Stored dataset items
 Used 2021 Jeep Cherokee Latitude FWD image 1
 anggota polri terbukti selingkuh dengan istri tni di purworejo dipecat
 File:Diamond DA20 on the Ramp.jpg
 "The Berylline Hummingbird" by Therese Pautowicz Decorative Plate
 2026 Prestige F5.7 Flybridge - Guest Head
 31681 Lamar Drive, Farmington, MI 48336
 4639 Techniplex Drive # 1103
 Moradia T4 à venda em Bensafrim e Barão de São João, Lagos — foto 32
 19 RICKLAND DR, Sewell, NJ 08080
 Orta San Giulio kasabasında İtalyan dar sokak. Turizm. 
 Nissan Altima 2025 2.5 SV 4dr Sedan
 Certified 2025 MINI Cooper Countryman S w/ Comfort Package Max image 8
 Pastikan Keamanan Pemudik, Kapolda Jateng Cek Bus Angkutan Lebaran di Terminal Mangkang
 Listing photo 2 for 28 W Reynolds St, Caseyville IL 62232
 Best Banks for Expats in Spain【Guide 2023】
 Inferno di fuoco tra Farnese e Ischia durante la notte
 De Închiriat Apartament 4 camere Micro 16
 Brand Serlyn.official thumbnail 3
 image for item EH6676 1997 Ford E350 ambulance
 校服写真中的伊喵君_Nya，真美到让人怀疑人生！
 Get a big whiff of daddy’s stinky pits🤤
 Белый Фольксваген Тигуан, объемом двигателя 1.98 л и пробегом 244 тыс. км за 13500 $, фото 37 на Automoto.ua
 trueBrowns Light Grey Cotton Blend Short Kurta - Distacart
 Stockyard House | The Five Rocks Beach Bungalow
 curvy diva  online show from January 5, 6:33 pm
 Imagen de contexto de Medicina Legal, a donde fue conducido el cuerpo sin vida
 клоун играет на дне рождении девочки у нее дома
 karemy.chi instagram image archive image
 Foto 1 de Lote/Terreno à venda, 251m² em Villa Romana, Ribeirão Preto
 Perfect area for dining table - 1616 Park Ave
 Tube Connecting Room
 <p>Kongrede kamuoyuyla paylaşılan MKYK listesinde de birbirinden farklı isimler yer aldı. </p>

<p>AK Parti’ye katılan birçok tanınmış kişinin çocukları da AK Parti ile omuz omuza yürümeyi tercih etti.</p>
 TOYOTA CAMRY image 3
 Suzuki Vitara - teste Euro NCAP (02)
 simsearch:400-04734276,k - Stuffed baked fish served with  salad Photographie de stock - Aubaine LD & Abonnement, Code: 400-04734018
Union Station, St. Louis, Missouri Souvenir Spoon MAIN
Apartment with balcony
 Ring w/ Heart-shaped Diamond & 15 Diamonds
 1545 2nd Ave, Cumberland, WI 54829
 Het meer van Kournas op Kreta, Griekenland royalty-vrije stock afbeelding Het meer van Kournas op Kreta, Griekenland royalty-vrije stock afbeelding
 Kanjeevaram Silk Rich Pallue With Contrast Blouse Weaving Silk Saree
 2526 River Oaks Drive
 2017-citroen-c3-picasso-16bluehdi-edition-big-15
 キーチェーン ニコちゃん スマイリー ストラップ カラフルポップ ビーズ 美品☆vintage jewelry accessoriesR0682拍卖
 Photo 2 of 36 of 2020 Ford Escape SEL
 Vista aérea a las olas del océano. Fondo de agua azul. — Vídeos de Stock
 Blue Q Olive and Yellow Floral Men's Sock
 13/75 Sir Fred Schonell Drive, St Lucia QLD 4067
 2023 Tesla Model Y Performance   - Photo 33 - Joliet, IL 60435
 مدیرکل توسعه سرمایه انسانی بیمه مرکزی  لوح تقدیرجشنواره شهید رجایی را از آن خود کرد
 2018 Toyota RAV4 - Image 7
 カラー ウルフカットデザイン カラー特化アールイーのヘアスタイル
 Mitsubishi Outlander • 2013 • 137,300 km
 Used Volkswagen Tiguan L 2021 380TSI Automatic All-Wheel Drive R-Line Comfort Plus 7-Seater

__Instructions to follow__:
Scan the data above and copy every line with "Ford" in it.

__Output of the task__:
 image for item EH6676 1997 Ford E350 ambulance
 Photo 2 of 36 of 2020 Ford Escape SEL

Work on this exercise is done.